Your task => Print out the full listing, exactly.

Data segment =>
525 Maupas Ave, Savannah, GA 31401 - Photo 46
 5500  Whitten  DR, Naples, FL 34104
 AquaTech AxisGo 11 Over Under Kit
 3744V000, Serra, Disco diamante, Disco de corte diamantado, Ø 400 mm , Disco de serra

Completed task =>
525 Maupas Ave, Savannah, GA 31401 - Photo 46
 5500  Whitten  DR, Naples, FL 34104
 AquaTech AxisGo 11 Over Under Kit
 3744V000, Serra, Disco diamante, Disco de corte diamantado, Ø 400 mm , Disco de serra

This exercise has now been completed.